JLG — Ainda não temos um modelo híbrido plug-in disponível para o Brasil. Teremos o Sorento híbrido no ano que vem, e provavelmente ele será plug-in, mas ainda não está definido. É um modelo que está sendo desenvolvido na Coreia do Sul.
UE — E quanto ao lançamento por aqui do 100% elétrico EV6? Só mesmo no fim de 2023 ou até mesmo início de 2024?
JLG — Não, conseguimos antecipar para agosto ou setembro de 2023. Fomos surpreendidos com essa notícia na última viagem que tivemos para a Coreia do Sul, graças ao aumento de produção do modelo por lá. Mas confesso que não sei qual será o desempenho comercial do EV6 no Brasil. É uma dúvida minha. Não é uma crítica ao carro, que é ótimo, um espetáculo, mas sim à infraestrutura daqui. Não estamos preparados para o carro elétrico ainda. Tivemos uma experiência de ir com um EV6 até o Uruguai e voltar. No roteiro checamos todos os carregadores pelo caminho, levamos carregador portátil etc., e mesmo assim enfrentamos dificuldades como carregadores quebrados, sem energia, com cabo furtado… nós fizemos isso de forma consciente, para mostrar para o público, sabíamos que encontraríamos problemas. A minha opinião pessoal, como usuário de automóveis, é que o carro tem que ser seu escravo e não você ser escravo do carro. Imagine que você está em casa em São Paulo, e seu filho foi para o Rio de Janeiro. Aí ele te liga, diz que houve um problema, e você precisa buscá-lo, à noite. Eu não iria de carro elétrico.

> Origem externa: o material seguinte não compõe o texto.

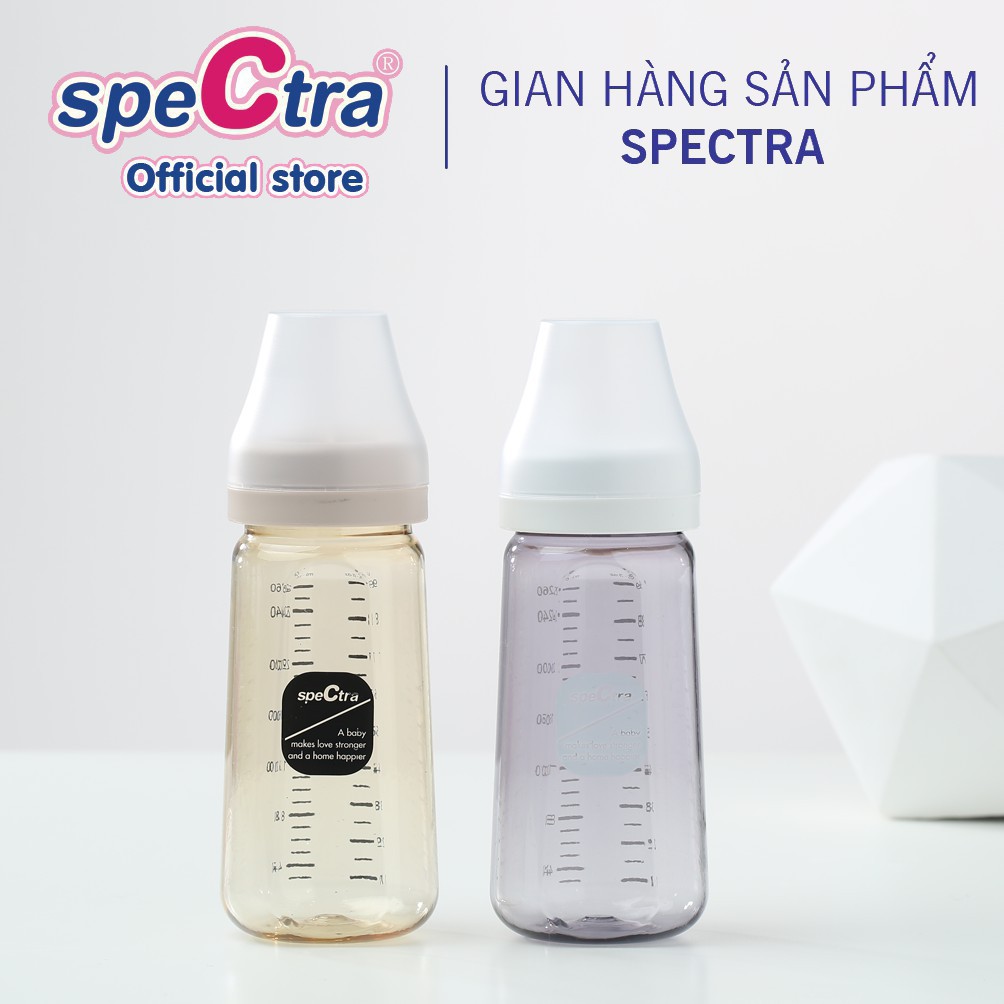 Bình sữa PPSU cổ rộng Spectra 260ml kèm núm ti size M/L/XL (Xanh đậm/ Vàng)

UE — Quanto vai custar o EV6 no Brasil?
JLG — Não sei ainda, não fechamos o preço com a matriz.
UE — Com o início da venda do EV6 a Kia também terá um programa de instalação de carregadores no Brasil?

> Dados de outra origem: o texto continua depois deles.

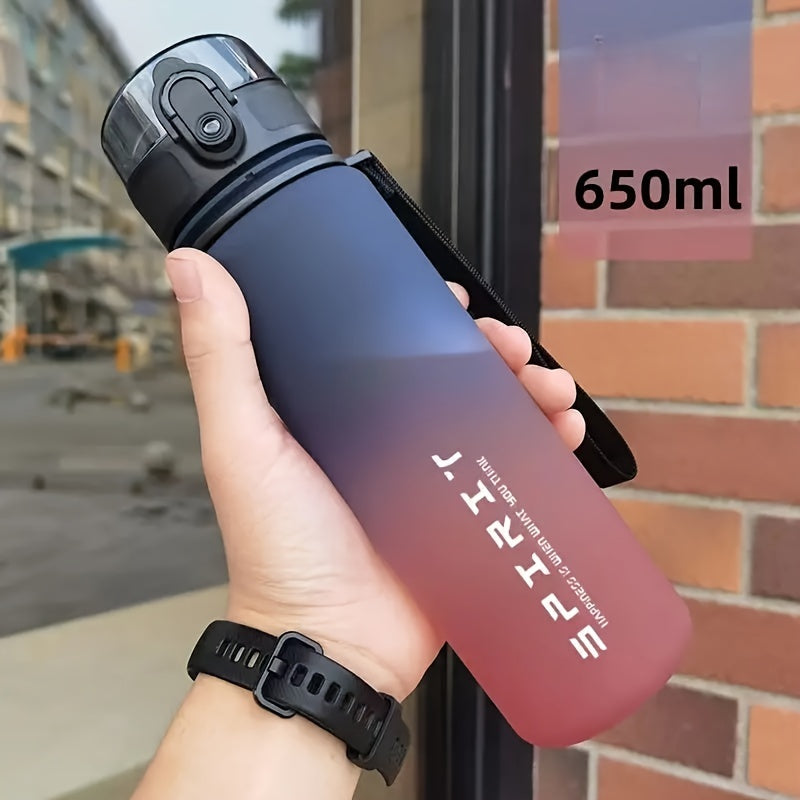 1pc Portable Leakproof Water Bottle With Time Marker And Carrying Strap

JLG — Sim, já estamos fazendo isso. Teremos um carregador rápido em cada concessionária, e vamos inclusive aproveitar a reforma das lojas, com alteração para a nova identificação visual da Kia, neste processo. Ainda neste mês já estamos instalando carregadores nas casas de Porto Alegre e no Rio de Janeiro. Aproveitando, aliás, vou contar uma história. Agora em outubro inaugurou um grande supermercado em Itu [cidade sede da Kia do Brasil]. O dono é nosso conhecido, me ligou e pediu ajuda para colocar um carregador de carro elétrico no estacionamento, como inovação. Eu até dei um carregador que tínhamos na Kia para ele. Mas isso é muito mais marketing do que uso prático. Quantos carros elétricos tem em Itu hoje para usar essa vaga com carregador no supermercado? Isso vai acontecer, sim, vai mudar, mas eu não tenho convicção de que o elétrico será a escolha definitiva no futuro.
UE — O sr. arriscaria uma projeção de vendas de eletrificados no Brasil para 2023?
JLG — Quem será o presidente do Brasil no ano que vem? Quem será o ministro da economia? O MDIC [Ministério do Desenvolvimento, Indústria e Comércio] vai voltar? Não dá para falar em projeção agora. Só depois das eleições.